The third calculating unit calculates the difference between two adjacent wave troughs through the wave troughs; and/or

The fourth calculating unit calculates the difference between two adjacent wave crests through the wave crests.

8. A construction method of a self-learning speech recognition system, which is applied to the speech recognition system, wherein the speech recognition system comprises a microphone and a speech recognition module applied with the construction device, and the microphone is connected with the speech recognition module, and the construction method comprises the following steps:

9. The method for constructing a self-learning speech recognition system of claim 8, wherein in step S2, a neural network is provided, and it is determined whether the output signal is a predetermined active speech.

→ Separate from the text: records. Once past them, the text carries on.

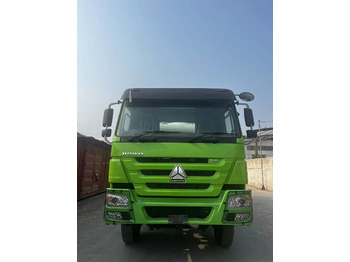Kamion HOWO Cement Mixer Truck 6*4: slika Kamion HOWO Cement Mixer Truck 6*4
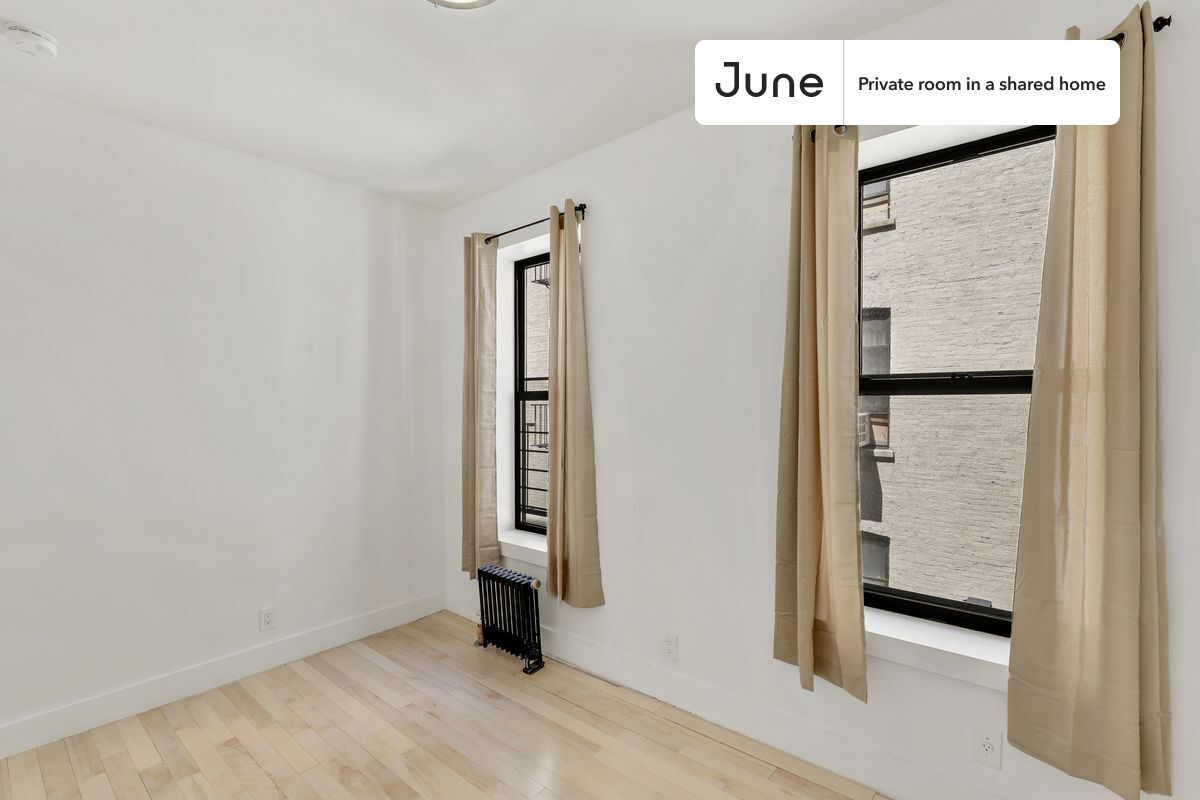 Building Photo - Room in Shared 4 bed/2 bath home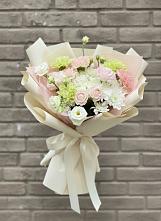 Букет цветов из:  Гвоздики, Розы, Лизиантусы и Хризантемы #REPLACE_PRED# Эвенске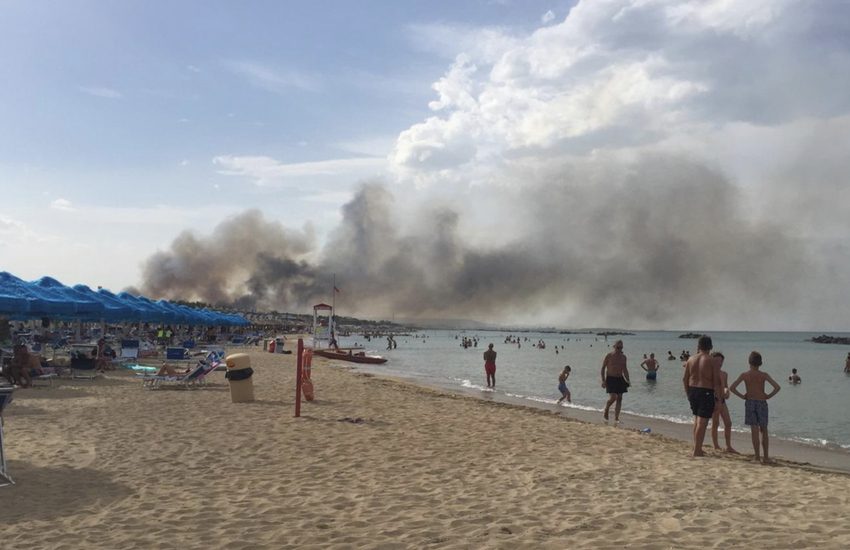 Pescara: Rogo nella Pineta Dannunziana, bagnanti in fuga da stabilimenti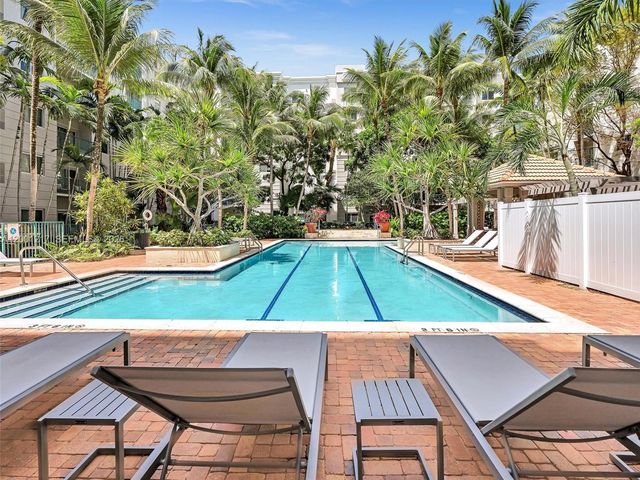 6001 SW 70th St 313, South Miami, FL 33143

10. The method of constructing a self-learning speech recognition system of claim 9 wherein the neural network comprises:

the second calculating unit is used for outputting the number of wave edges formed by the adjacent wave troughs and wave peaks according to the wave troughs and the wave peaks;

a third calculating unit, configured to output a difference between two adjacent troughs according to the trough;

a fourth calculating unit, configured to output a difference between two adjacent peaks according to the peak;

a hidden layer, including a plurality of first nodes, where each first node is connected to the first computing unit, the second computing unit, the third computing unit, and the fourth computing unit, each first node sets a piece of feature information of the activated voice, and the first nodes receive and determine whether the envelope value, the number of wave edges, a difference between two adjacent wave troughs, and a difference between two adjacent wave crests match the corresponding feature information, and output a determination result;

the step S2 includes the steps of:

step S21, calculating the envelope value through the trough, the crest and the interval time; and

calculating through the wave troughs and the wave peaks to obtain the number of the wave edges formed by the adjacent wave troughs and the adjacent wave peaks; and

step S22, each first node receives and determines whether the envelope value, the number of wave edges, the difference between two adjacent wave troughs and the difference between two adjacent wave crests match the characteristic information, and outputs a determination result;

step S23, each second node determines whether the output signal matches the activated voice according to the determination result, and outputs the determination result.